Docker Compose does not allow to use local images

The following command fails, trying to pull image from the Docker Hub:

$ docker-compose up -d
Pulling web-server (web-server:staging)...
ERROR: repository web-server not found: does not exist or no pull access

But I just want to use a local version of the image, which exists:

$ docker images
REPOSITORY           TAG                 IMAGE ID            CREATED             SIZE
web-server           staging             b94573990687        7 hours ago         365MB

Why Docker doesn't search among locally stored images?
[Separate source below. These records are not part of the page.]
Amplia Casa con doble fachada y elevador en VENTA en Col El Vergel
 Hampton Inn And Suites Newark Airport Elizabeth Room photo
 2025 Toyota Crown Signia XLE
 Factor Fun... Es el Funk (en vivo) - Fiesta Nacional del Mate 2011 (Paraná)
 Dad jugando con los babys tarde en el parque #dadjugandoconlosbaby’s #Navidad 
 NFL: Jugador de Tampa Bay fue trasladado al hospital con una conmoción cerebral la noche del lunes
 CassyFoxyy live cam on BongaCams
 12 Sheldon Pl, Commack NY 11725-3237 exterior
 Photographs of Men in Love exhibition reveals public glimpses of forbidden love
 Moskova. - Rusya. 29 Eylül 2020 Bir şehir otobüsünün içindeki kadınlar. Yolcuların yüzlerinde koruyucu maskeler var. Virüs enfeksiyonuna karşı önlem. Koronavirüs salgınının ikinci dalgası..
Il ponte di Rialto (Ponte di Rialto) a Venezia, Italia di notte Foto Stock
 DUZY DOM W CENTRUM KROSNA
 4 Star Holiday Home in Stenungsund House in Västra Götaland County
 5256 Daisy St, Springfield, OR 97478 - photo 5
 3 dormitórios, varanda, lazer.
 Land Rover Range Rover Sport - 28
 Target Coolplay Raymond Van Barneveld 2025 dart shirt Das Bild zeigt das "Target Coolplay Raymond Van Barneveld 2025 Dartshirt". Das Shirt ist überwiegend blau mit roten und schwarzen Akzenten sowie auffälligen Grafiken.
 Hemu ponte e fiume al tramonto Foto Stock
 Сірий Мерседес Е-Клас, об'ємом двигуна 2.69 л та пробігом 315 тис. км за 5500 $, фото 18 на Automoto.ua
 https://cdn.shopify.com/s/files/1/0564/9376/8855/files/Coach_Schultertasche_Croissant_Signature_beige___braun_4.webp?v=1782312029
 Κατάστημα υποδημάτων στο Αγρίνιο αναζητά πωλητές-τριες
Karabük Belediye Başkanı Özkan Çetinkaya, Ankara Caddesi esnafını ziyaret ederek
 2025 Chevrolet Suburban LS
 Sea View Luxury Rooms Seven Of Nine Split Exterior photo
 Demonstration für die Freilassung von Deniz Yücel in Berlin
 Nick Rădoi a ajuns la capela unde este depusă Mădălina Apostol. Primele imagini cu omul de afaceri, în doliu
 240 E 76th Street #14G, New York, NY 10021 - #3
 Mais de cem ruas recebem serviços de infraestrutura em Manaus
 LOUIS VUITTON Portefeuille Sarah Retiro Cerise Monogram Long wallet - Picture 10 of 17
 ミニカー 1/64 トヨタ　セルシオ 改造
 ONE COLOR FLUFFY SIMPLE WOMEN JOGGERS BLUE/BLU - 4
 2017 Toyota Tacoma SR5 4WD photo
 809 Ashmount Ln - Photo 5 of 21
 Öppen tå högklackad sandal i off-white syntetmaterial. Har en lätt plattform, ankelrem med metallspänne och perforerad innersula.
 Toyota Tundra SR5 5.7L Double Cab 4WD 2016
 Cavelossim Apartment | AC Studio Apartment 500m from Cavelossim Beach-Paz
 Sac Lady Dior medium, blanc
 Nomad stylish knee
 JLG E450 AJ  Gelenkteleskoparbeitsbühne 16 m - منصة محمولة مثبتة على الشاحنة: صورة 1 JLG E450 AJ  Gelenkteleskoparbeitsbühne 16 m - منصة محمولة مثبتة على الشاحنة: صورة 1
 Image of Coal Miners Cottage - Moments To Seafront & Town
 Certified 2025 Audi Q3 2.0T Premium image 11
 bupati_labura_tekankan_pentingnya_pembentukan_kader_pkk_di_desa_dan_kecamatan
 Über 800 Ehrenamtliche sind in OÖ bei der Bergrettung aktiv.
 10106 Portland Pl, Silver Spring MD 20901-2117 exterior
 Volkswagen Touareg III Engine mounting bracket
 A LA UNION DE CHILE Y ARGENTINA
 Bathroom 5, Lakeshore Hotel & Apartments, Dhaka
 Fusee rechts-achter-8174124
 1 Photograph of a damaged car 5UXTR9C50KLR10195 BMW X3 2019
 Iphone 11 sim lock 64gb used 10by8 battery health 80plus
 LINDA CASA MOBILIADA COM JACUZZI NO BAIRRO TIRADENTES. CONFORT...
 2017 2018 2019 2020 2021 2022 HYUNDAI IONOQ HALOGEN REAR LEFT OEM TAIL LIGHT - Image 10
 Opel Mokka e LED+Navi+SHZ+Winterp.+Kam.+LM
This is my Docker Compose file:

version: '3'
services:
  chat-server:
    image: chat-server:staging
    ports:
      - "8110:8110"
  web-server:
    image: web-server:staging
    ports:
      - "80:80"
      - "443:443"
      - "8009:8009"
      - "8443:8443"

and my .env file:

DOCKER_HOST=tcp://***.***.**.**:2376
DOCKER_TLS_VERIFY=true 
DOCKER_CERT_PATH=/Users/Victor/Documents/Development/projects/.../target/docker

Solution 1:

In general, this should work as you describe it. Tried to reproduce it, but it simply worked...

Folder structure:

.
├── docker-compose.yml
└── Dockerfile

Content of Dockerfile:

FROM alpine
CMD ["echo", "i am groot"]

Build and tag image:

docker build -t groot .
docker tag groot:latest groot:staging

with docker-compose.yml:

version: '3.1'
services:
  groot:
    image: groot:staging

and start docker-compose:

$ docker-compose up
Creating groot_groot ... 
Creating groot_groot_1 ... done
Attaching to groot_groot_1
groot_1  | i am groot
groot_groot_1 exited with code 0

Solution 2:

In your docker-compose.yml, you can specify build: . instead of build: <username>/repo> for local builds (rather than pulling from docker-hub) - I can't verify this yet, but I believe you may be able to do relative paths for multiple services to the docker-compose file.

services:
  app:
    build: .

Reference: https://github.com/gvilarino/docker-workshop

Solution 3:

March-09-2020 EDIT:

(docker version 18.09.9-ce build 039a7df, dockercompose version 1.24.0, build 0aa59064)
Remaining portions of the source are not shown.